La inmunofluorescencia (IF) y la inmunocitoquímica (ICC) son técnicas basadas en anticuerpos que revelan dónde se localiza una proteína dentro de una célula a nivel subcelular. La IF utiliza colorantes fluorescentes; la ICC utiliza enzimas cromogénicas. Ambas son esenciales para la biología celular, patología y descubrimiento de fármacos.

Métodos Directos e Indirectos

IF directa: un anticuerpo primario está directamente conjugado a un fluoróforo. Rápida (una sola incubación) y bajo fondo, pero la amplificación de señal es limitada porque solo un anticuerpo se une por antígeno.

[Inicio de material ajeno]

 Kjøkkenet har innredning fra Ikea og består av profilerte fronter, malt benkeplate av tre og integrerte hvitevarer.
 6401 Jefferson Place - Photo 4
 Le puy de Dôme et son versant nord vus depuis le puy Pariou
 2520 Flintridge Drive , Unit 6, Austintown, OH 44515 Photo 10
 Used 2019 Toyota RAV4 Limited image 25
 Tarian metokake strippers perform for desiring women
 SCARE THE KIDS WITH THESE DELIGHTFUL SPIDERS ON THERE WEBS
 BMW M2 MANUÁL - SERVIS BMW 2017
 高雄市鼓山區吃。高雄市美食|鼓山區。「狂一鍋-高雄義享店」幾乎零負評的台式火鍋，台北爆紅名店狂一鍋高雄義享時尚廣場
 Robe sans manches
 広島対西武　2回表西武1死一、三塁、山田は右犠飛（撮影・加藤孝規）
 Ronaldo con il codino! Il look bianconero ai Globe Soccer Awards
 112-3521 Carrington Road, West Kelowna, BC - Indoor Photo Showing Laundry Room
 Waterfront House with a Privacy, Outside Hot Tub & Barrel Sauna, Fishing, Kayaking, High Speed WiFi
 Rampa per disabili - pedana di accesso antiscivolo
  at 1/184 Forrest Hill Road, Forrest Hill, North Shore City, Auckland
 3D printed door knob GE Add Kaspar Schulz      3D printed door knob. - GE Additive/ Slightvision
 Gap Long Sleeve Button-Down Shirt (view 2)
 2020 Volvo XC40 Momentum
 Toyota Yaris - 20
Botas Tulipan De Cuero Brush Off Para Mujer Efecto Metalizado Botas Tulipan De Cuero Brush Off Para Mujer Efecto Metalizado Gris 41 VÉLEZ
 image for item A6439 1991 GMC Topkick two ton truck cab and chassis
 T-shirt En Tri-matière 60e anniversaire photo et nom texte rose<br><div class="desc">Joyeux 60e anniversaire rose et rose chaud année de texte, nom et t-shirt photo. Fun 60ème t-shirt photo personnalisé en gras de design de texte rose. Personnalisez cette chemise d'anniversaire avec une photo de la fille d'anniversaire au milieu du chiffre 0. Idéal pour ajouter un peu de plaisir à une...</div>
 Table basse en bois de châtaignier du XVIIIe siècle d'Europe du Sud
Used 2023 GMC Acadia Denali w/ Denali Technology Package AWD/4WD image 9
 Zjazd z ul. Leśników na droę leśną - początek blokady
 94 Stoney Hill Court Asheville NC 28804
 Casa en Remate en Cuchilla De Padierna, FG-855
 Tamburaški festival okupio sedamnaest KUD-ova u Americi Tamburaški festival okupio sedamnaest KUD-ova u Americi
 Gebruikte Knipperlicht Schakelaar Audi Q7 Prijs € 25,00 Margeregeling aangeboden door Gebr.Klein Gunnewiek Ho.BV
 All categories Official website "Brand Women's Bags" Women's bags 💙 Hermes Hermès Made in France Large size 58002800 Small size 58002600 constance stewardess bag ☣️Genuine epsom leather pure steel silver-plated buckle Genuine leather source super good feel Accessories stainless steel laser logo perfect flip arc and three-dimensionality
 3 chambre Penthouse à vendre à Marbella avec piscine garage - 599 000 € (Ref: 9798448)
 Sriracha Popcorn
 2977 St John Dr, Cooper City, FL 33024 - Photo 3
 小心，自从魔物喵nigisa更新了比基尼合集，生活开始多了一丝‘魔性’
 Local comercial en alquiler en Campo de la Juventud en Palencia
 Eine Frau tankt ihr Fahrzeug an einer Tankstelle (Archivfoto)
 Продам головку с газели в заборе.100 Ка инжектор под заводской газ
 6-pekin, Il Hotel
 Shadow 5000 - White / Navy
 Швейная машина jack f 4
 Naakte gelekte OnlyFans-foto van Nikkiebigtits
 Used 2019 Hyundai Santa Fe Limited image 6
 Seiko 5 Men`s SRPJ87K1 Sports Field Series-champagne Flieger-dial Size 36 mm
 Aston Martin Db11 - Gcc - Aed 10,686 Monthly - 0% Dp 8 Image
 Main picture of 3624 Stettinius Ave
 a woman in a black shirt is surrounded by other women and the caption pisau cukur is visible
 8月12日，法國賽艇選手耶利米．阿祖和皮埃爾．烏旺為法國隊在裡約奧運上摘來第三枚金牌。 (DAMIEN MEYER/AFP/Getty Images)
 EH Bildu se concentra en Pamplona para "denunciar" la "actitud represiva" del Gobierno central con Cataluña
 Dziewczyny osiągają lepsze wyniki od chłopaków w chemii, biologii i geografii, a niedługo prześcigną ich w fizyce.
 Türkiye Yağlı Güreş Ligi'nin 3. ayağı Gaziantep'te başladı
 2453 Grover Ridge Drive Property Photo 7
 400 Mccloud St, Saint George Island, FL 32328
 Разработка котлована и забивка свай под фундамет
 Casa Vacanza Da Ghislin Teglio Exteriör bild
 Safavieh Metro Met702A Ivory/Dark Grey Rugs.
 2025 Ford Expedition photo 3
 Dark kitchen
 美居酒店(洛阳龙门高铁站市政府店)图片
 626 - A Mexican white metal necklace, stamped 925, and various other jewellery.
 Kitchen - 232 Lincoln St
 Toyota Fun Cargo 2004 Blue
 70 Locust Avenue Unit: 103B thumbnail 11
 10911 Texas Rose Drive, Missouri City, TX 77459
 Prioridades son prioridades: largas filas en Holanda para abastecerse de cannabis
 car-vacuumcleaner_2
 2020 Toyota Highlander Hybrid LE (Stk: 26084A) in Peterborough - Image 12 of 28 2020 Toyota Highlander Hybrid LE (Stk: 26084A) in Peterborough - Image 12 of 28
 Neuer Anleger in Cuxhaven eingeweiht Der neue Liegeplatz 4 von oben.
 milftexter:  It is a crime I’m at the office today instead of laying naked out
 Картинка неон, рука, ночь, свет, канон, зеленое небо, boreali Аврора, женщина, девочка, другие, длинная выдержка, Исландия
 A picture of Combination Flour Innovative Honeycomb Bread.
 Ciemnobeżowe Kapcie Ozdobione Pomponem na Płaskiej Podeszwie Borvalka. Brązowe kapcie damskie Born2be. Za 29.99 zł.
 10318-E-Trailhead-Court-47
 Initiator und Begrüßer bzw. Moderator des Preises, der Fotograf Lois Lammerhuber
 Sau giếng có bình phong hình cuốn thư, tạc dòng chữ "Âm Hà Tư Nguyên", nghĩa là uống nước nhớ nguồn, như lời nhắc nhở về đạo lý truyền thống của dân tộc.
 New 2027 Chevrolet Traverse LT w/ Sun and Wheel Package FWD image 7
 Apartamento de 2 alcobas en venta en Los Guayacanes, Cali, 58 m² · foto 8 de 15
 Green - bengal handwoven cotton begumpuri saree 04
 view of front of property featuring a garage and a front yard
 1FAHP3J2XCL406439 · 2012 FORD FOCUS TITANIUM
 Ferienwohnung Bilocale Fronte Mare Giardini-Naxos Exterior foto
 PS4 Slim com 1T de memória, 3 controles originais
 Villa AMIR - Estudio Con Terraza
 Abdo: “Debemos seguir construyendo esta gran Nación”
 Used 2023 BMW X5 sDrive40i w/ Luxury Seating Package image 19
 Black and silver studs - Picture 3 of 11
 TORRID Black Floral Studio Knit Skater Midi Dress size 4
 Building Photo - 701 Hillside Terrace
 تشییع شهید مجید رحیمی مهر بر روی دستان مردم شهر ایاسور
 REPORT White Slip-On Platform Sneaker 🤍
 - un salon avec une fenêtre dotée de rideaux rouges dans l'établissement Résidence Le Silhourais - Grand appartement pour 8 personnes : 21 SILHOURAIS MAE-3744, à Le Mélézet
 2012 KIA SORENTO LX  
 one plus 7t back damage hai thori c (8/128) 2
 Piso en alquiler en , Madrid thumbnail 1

IF indirecta: un anticuerpo primario no conjugado se une a la diana, y un anticuerpo secundario conjugado a fluoróforo se une al primario. La amplificación de señal ocurre porque múltiples anticuerpos secundarios se unen a cada anticuerpo primario. Este es el enfoque más común, ya que funciona con muchos anticuerpos primarios de la misma especie huésped.

Preparación de Muestra

1. Fijación: preserva la estructura celular e inmoviliza los antígenos. Paraformaldehído (PFA al 4%, 15 minutos a temperatura ambiente) es el fijador más común para IF. Entrecruza proteínas mediante grupos amino. La fijación con metanol/acetona es más rápida pero puede distorsionar la morfología y destruir algunos epítopos.
2. Permeabilización: permite que los anticuerpos accedan a antígenos intracelulares. Triton X-100 (0.1–0.5%) o saponina (0.1%, más suave) durante 10–15 minutos. Omita la permeabilización si tiñe solo antígenos de superficie celular.
3. Bloqueo: incube con BSA al 1–5%, suero normal al 5–10% (de la especie huésped del anticuerpo secundario) o tampón de bloqueo comercial durante 30–60 minutos para prevenir la unión inespecífica de anticuerpos.
4. Anticuerpo primario: incube en tampón de bloqueo a 4 °C toda la noche o a temperatura ambiente durante 1–2 horas. Optimice la dilución empíricamente.
5. Lavado: 3 × 5 minutos en PBS.
6. Anticuerpo secundario: incube durante 1 hora a temperatura ambiente en oscuridad (los fluoróforos son sensibles a la luz).
7. Lavado: 3 × 5 minutos en PBS.
8. Contratinción y montaje: DAPI o Hoechst 33342 para teñir núcleos (5 minutos). Monte con medio de montaje antifotoblanqueo.

Controles

• Control sin anticuerpo primario: solo anticuerpo secundario — no debe mostrar tinción específica.
• Control de isotipo: anticuerpo primario reemplazado por un anticuerpo no específico del mismo isotipo.
• Control de péptido bloqueante: pre-incube el anticuerpo primario con el péptido inmunizante para abolir la tinción específica.
• Control de eliminación: células que carecen de la proteína diana confirman la especificidad del anticuerpo.

Multiplexado

Se pueden obtener imágenes de múltiples proteínas simultáneamente usando anticuerpos primarios generados en diferentes especies huésped (ratón, conejo, cabra, rata) con anticuerpos secundarios específicos de especie conjugados a fluoróforos distintos (DAPI (azul), Alexa 488 (verde), Alexa 568 (rojo), Alexa 647 (rojo lejano)). La separación espectral o filtros de banda estrecha evitan la superposición entre canales.

Adquisición de Imágenes

Use un microscopio de fluorescencia de campo amplio para muestras o secciones delgadas, un microscopio confocal para muestras más gruesas (el seccionamiento óptico elimina el desenfoque fuera de foco), y un microscopio de iluminación estructurada o STED para imágenes de superresolución por debajo del límite de difracción. Ajuste los tiempos de exposición contra el control sin anticuerpo primario para asegurar que la señal específica esté por encima del fondo.